Offshore grid may need government investment

The government may need to pump prime investment in the mooted offshore transmission grid to get the project off the ground, according to the former director of networks at the Department for Business, Energy and Industrial Strategy (BEIS).

Dan Monzani, BEIS director for energy security, networks and markets until last September, told the House of Lords Economic Affairs Committee’s energy security inquiry on Tuesday (8 March) that he hopes the government will go “further” on network investment.

This could include upfront investment in the North Sea transmission network being explored by the government, which is designed to support prime minister Boris Johnson’s planned expansion of the UK’s offshore wind farm capacity to 40GW by 2030, he said. “It might need some government money to seed that for early progress rather than waiting for price controls.

“This allows us to increase interconnectors with the continent and helps with the intermittency problems because you have more diverse sources of power.”

This seed corn investment would enable the more rapid deployment of offshore wind turbines because they could be plugged into a “pre-planned and pre-surveyed” system rather than having to fund and build their own connections with the onshore grid like now, Monzani added.

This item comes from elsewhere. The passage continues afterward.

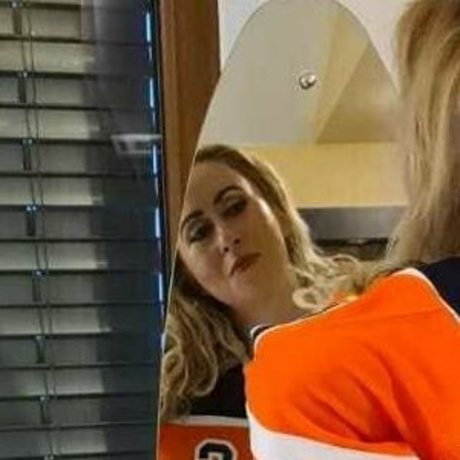Naakte gelekte OnlyFans-foto van Penyhotwife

Monzani, who left the civil service to take up his current role as managing director of the consultancy Aurora Energy Research, also told the committee that the development of an offshore transmission network may mean Contracts for Difference (CfDs) will no longer be required to financially support the development of marine wind farms.

He said: “Undoubtedly, CfDs have been phenomenally successful in driving deployment and cost of capital down but this does not automatically mean that unamended they are right instruments for the future.”

Enabling offshore wind turbines to plug into a transmission network could halve their capital costs, Monzani said: “If you build an offshore transmission network, you might therefore be able to introduce more merchant signals, which means more exposure to actual wholesale costs and that might be beneficial for system costs.

“They (CfDs) have been brilliantly successful at driving down cost of capital but that has to be balanced against the rising system costs.”

He also said the current gas supply crunch may mean that the UK’s remaining fleet of coal plants may have to “run harder” than otherwise would have been the case ahead of their planned closure in 2024.

At the same meeting, Professor Sir Dieter Helm accused the government of having paid “very limited” attention to security of supply.

The professor of energy policy at the University of Oxford, who wrote a review of energy policy for the government in 2018, said: “It is not rocket science and doesn’t need to be particularly complicated, but they have made if fantastically complicated.”

He also told the committee that it would be “more sensible” to extend the timescale for reviewing the energy price cap to an annual basis and that it should “certainly” not be halved to once every three months as Ofgem is currently considering.

Helm said less frequent reviews would make it easier for suppliers to cover their positions, reducing the likelihood that spikes in wholesale prices will drive the market.

While renewables will be an increasing part of the generation mix, he told the peers that he is “not convinced” that costs of such technologies will fall as much as people think they will, pointing to “very sharp” short term rises seen recently.